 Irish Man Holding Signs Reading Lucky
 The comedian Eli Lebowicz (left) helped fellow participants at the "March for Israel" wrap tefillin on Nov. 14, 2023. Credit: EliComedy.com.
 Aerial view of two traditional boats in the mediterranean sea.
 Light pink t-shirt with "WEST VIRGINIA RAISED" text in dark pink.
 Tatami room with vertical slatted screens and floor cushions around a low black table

####################

> **Activity**
All of the entries must be quoted exactly; please include each one.

> **Answer below**
 Irish Man Holding Signs Reading Lucky
 The comedian Eli Lebowicz (left) helped fellow participants at the "March for Israel" wrap tefillin on Nov. 14, 2023. Credit: EliComedy.com.
 Aerial view of two traditional boats in the mediterranean sea.
 Light pink t-shirt with "WEST VIRGINIA RAISED" text in dark pink.
 Tatami room with vertical slatted screens and floor cushions around a low black table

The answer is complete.